DIRECTIONS FOR THIS TASK: Apart from the pictures, write out all the records exactly.

--- DATA Enclosed Below ---

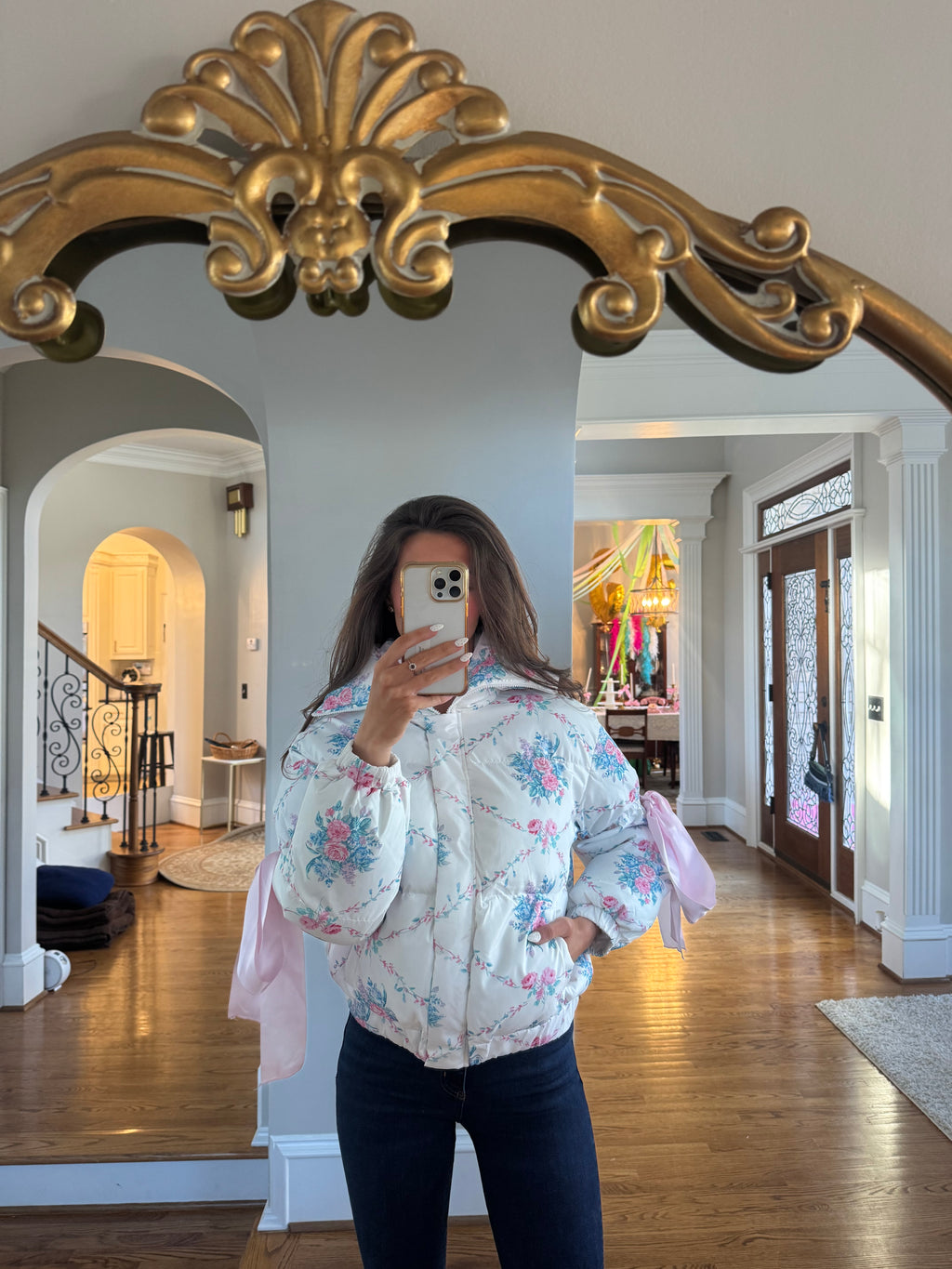 Floral Puffer Jacket- White/Blue/Pink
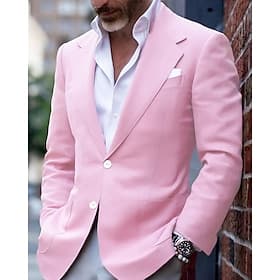 Men's Blazer Business Cocktail Party Wedding Party Fashion Casual Spring Fall Polyester Solid Color Pocket Buttons Comfortable Single Breasted Blazer Light P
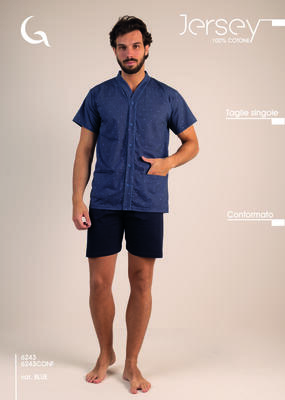 PIGIAMA APERTO UOMO M/M 6243 Tellini S.r.l. Ingrosso Abbigliamento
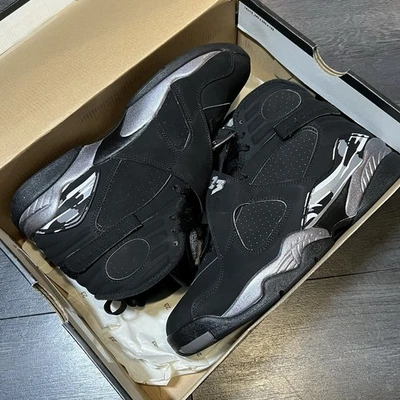 Nike Air Jordan 8 Retro 2015 Cromo Negro Gris Gamuza 305381-003 Hombres Talla 10 Foto 1 de 4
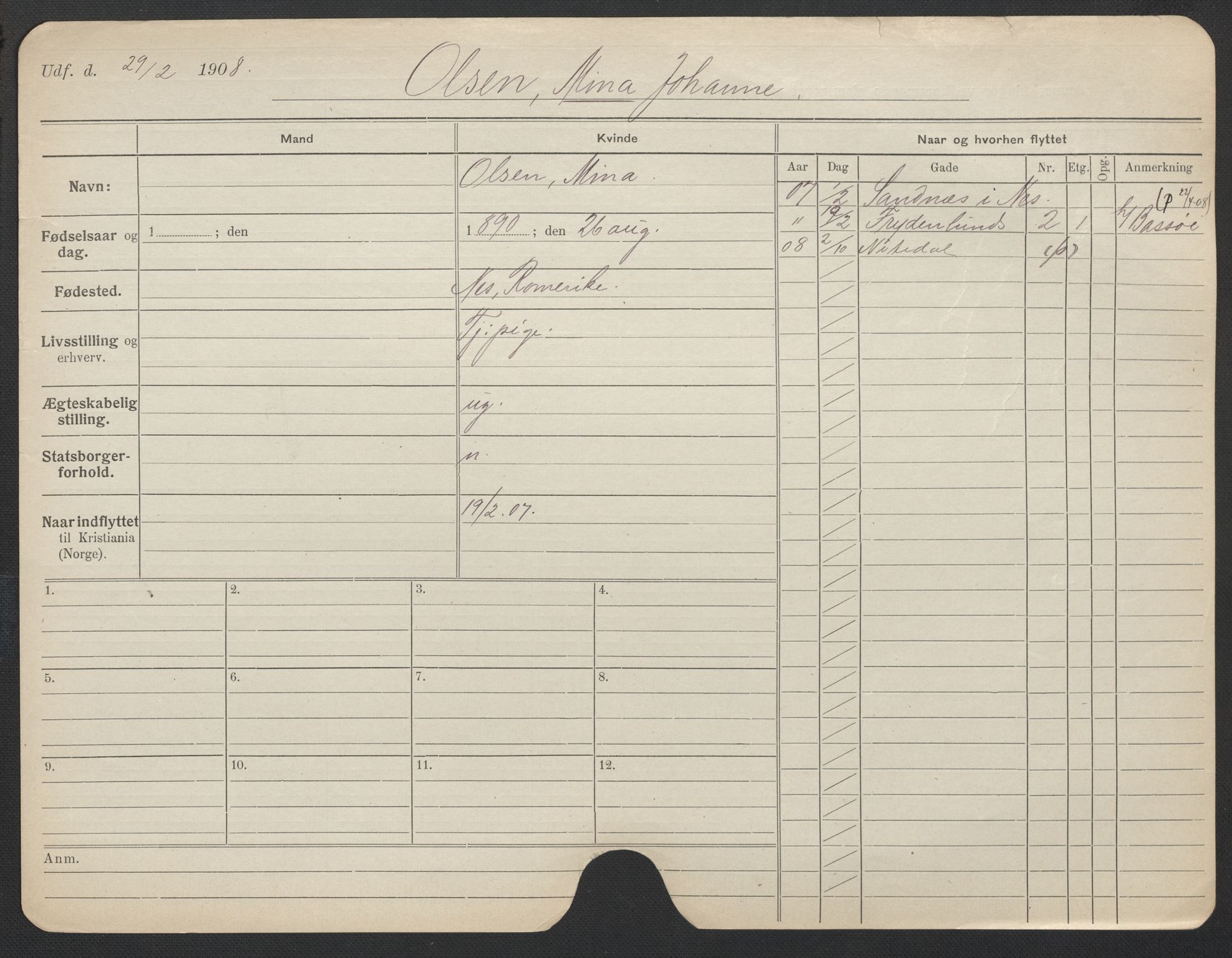 Oslo folkeregister, Registerkort, AV/SAO-A-11715/F/Fa/Fac/L0022: Kvinner, 1906-1914, p. 209a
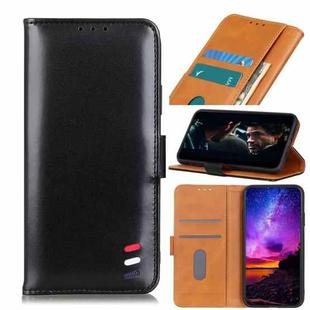 For Motorola Moto E7 (2020) 3-Color Pearl Texture Magnetic Buckle Horizontal Flip PU Leather Case with Card Slots & Wallet & Holder(Black)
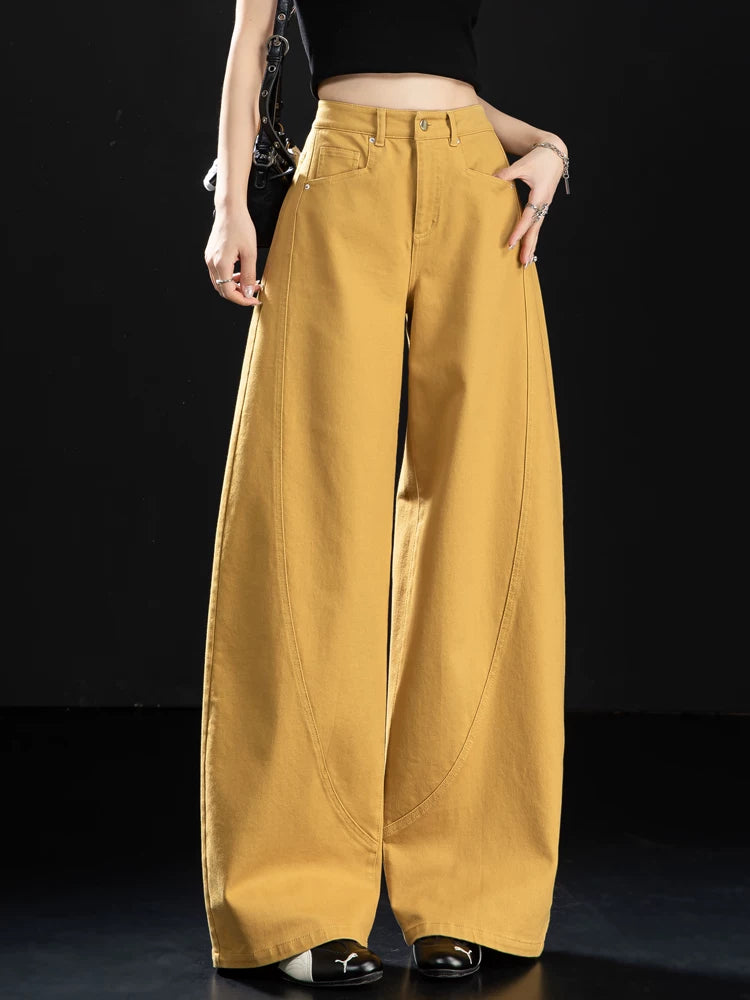 Women's Workwear Oversized Wide-Leg Jeans for Casual Outfits Everyday Office Weekend Date Night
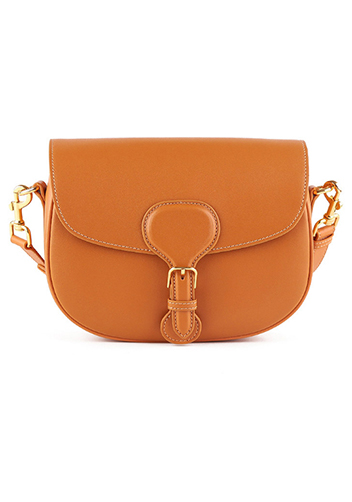 Paige Leather Shoulder Bag Camel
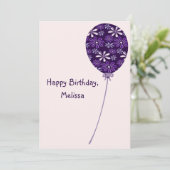 Jouer Violet Blush Balloon Joyeux carte d'annivers (Debout devant)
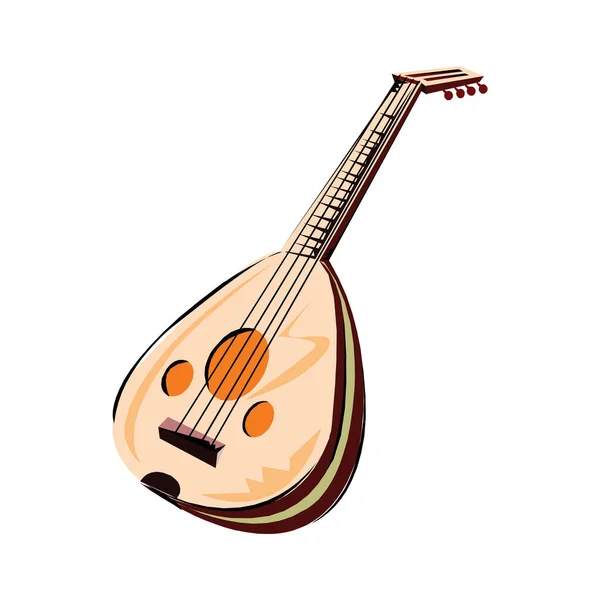 Serie de instrumentos musicales. Kobza tradicional ucraniano, aislado sobre fondo blanco. Ilustración vectorial — Vector de stock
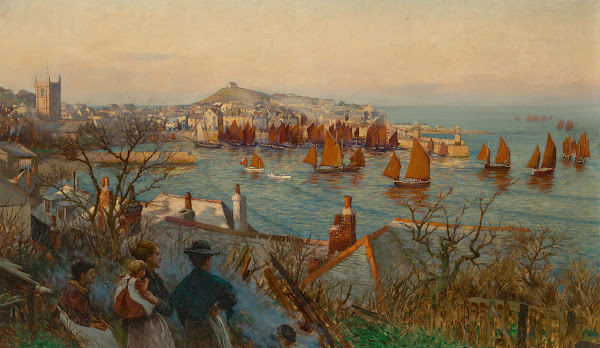 The fleet in the harbour at St Ives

--- End of Enclosed DATA ---

RESULT FOR THIS TASK:
 Floral Puffer Jacket- White/Blue/Pink
 Men's Blazer Business Cocktail Party Wedding Party Fashion Casual Spring Fall Polyester Solid Color Pocket Buttons Comfortable Single Breasted Blazer Light P
 PIGIAMA APERTO UOMO M/M 6243 Tellini S.r.l. Ingrosso Abbigliamento
 Nike Air Jordan 8 Retro 2015 Cromo Negro Gris Gamuza 305381-003 Hombres Talla 10 Foto 1 de 4
 Oslo folkeregister, Registerkort, AV/SAO-A-11715/F/Fa/Fac/L0022: Kvinner, 1906-1914, p. 209a
 For Motorola Moto E7 (2020) 3-Color Pearl Texture Magnetic Buckle Horizontal Flip PU Leather Case with Card Slots & Wallet & Holder(Black)
 Women's Workwear Oversized Wide-Leg Jeans for Casual Outfits Everyday Office Weekend Date Night
 Paige Leather Shoulder Bag Camel
 Jouer Violet Blush Balloon Joyeux carte d'annivers (Debout devant)
 Serie de instrumentos musicales. Kobza tradicional ucraniano, aislado sobre fondo blanco. Ilustración vectorial — Vector de stock
 The fleet in the harbour at St Ives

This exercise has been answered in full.